INPUT DATA:
BEGIN

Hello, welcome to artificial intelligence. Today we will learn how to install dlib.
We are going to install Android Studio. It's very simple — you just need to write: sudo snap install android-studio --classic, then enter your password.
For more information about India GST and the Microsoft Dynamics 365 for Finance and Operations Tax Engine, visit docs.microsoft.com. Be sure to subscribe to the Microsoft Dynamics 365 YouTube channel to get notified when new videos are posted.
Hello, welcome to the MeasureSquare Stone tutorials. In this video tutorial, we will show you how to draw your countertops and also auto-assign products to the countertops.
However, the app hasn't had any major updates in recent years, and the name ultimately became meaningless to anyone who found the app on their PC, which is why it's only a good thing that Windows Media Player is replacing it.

END
BEGIN

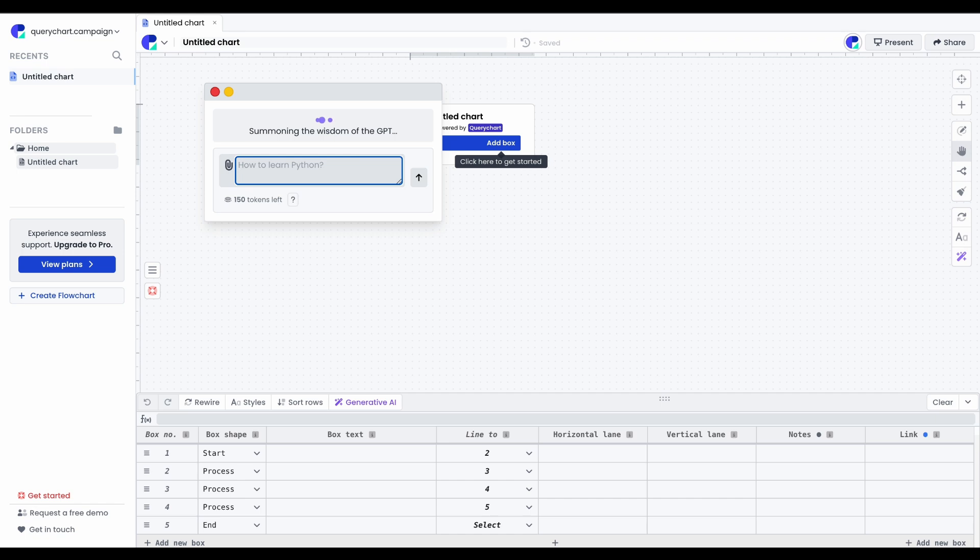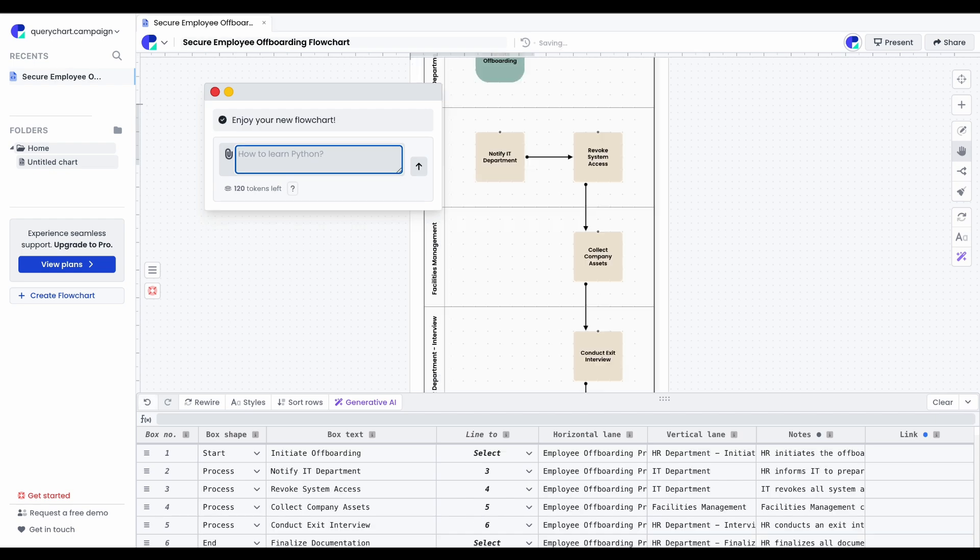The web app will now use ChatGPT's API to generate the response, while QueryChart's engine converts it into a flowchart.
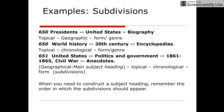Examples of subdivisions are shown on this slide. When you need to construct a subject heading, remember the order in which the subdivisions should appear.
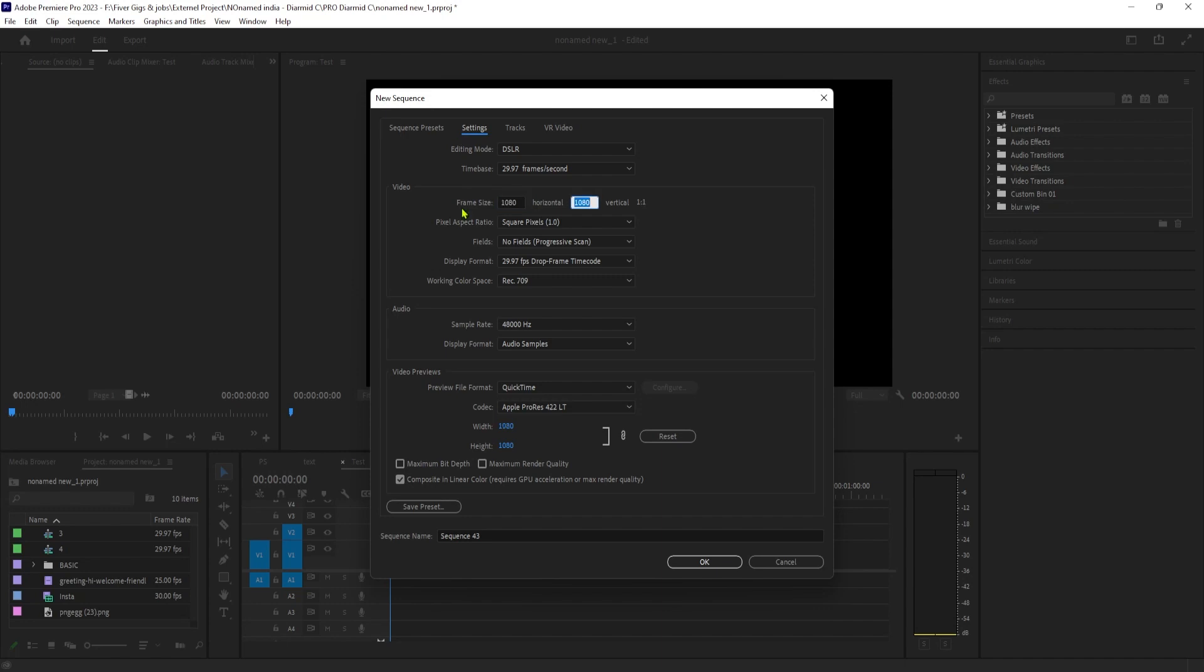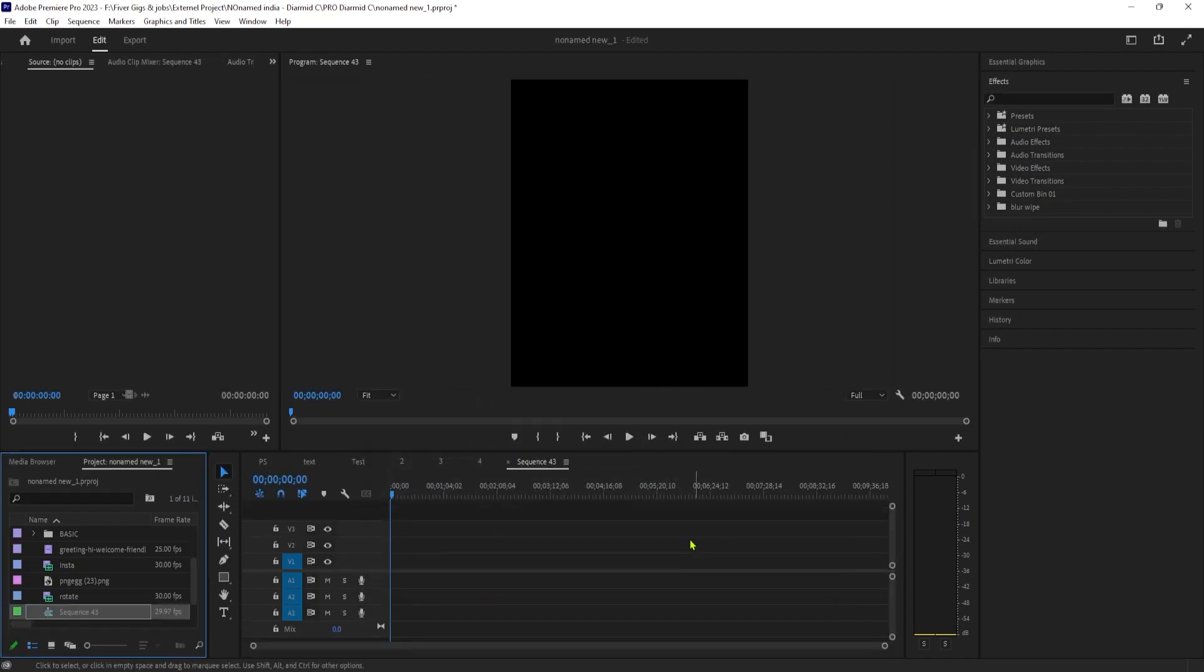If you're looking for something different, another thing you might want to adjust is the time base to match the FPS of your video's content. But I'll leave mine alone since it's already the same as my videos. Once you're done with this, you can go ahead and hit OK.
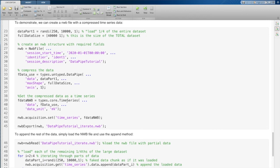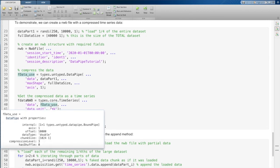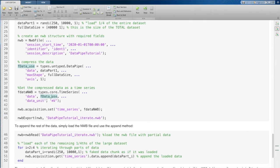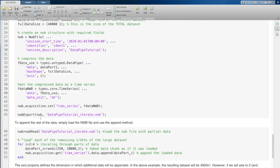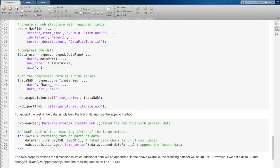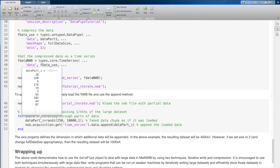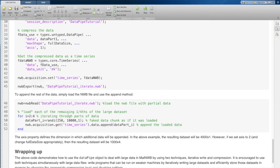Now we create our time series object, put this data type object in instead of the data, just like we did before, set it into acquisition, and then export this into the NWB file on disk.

END

ASSIGNED TASK: Return word for word the lines above from the line with "We are going" to the line with "For more information", including both and leaving out all others.

RESPONSE TO THE EXERCISE:
We are going to install Android Studio. It's very simple — you just need to write: sudo snap install android-studio --classic, then enter your password.
For more information about India GST and the Microsoft Dynamics 365 for Finance and Operations Tax Engine, visit docs.microsoft.com. Be sure to subscribe to the Microsoft Dynamics 365 YouTube channel to get notified when new videos are posted.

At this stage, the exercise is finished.